Ingredients · 500 g sweet potatoes · 1 level teaspoon cayenne pepper, plus extra for sprinkling · 1 heaped teaspoon ground cumin, plus extra for sprinkling · 1 level teaspoon ground cinnamon, plus extra for sprinkling · olive oil · 1 onion · 2 mixed-colour peppers · 1 bunch of fresh coriander/cilantro (30g) · 2 fresh Thai Red Chilies

· 5 ml lemon/ lime juice

Method

1. Preheat the oven to 200˚C/400˚F 2. Peel and chop the sweet potatoes into bite-sized chunks, then place onto a baking tray.

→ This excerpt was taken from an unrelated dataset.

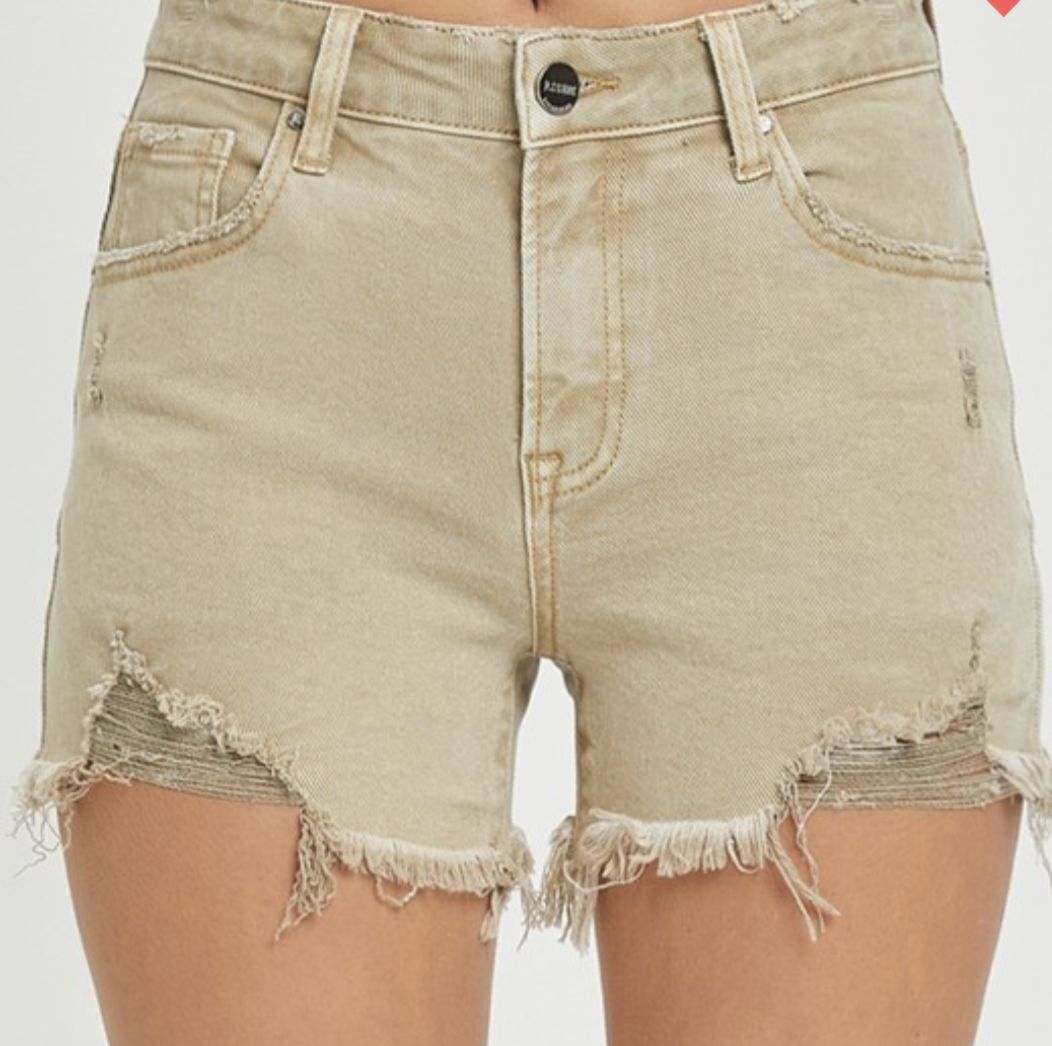 Risen Khaki shorts #s290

3. Sprinkle a pinch each of cayenne, cumin, cinnamon, sea salt and black pepper, drizzle with oil then toss to coat. Roast for 45 minutes to 1 hour, or until golden and tender. 4. Peel and roughly chop the onion. Halve, deseed and roughly chop the peppers 5. Pick the coriander leaves, finely chopping the stalks. Deseed and finely chop the chillies.  6. Meanwhile, put 2 tablespoons of oil in a large pan over a medium-high heat, then add the onion, peppers and cook for 5 minutes, stirring regularly. 

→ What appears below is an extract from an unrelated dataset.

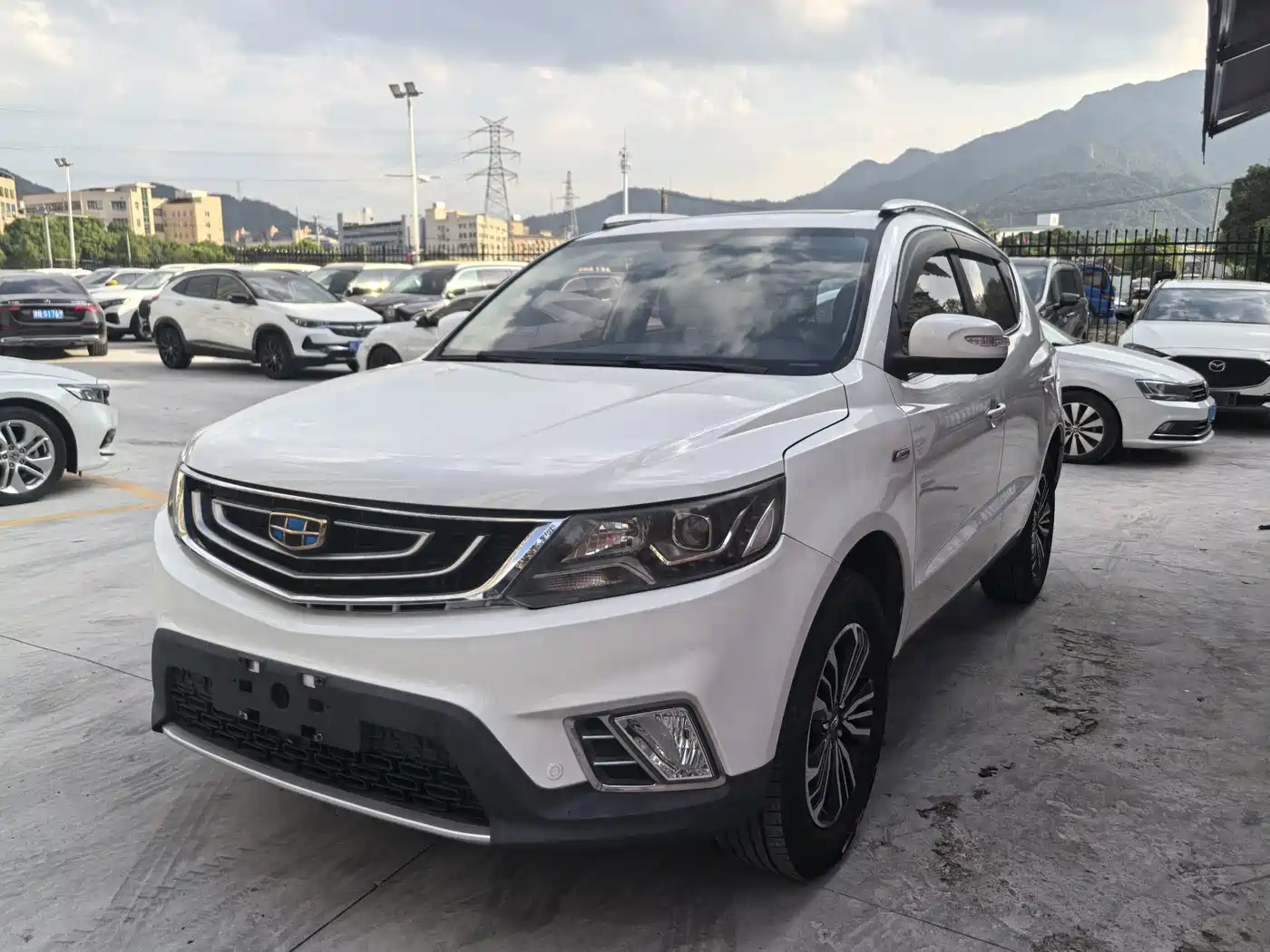 Geely Emgrand X6 2017 2016 1.3T CVT Flagship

7. Add the coriander stalks, chillies and spices, and cook for a further 5 to 10 minutes, or until softened and starting to caramelise, stirring occasionally.

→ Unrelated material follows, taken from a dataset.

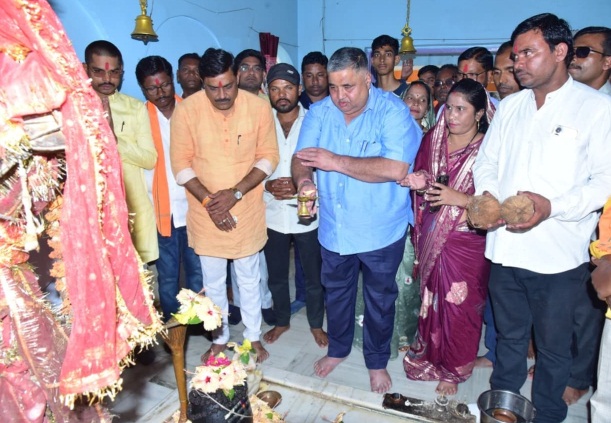 पर्यटन एवं संस्कृति मंत्री राजेश अग्रवाल ने कवर्धा में सिद्धेश्वर महादेव और संकट मोचन हनुमान मंदिर में की पूजा-अर्चना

8. Add the beans with juice. Add in the tomatoes, breaking them up with the back of a spoon, then stir well. 9. Bring to the boil, then reduce the heat to medium-low for 25 to 30 minutes, or until thickened and reduced –add water if required



10. Add the roasted sweet potato to the chilli with most of the coriander leaves, then taste and adjust the seasoning, if needed. 11. Finish with lime or lemon juice, to taste, then sprinkle the remaining coriander. Delicious served with yoghurt or soured cream, guacamole and rice.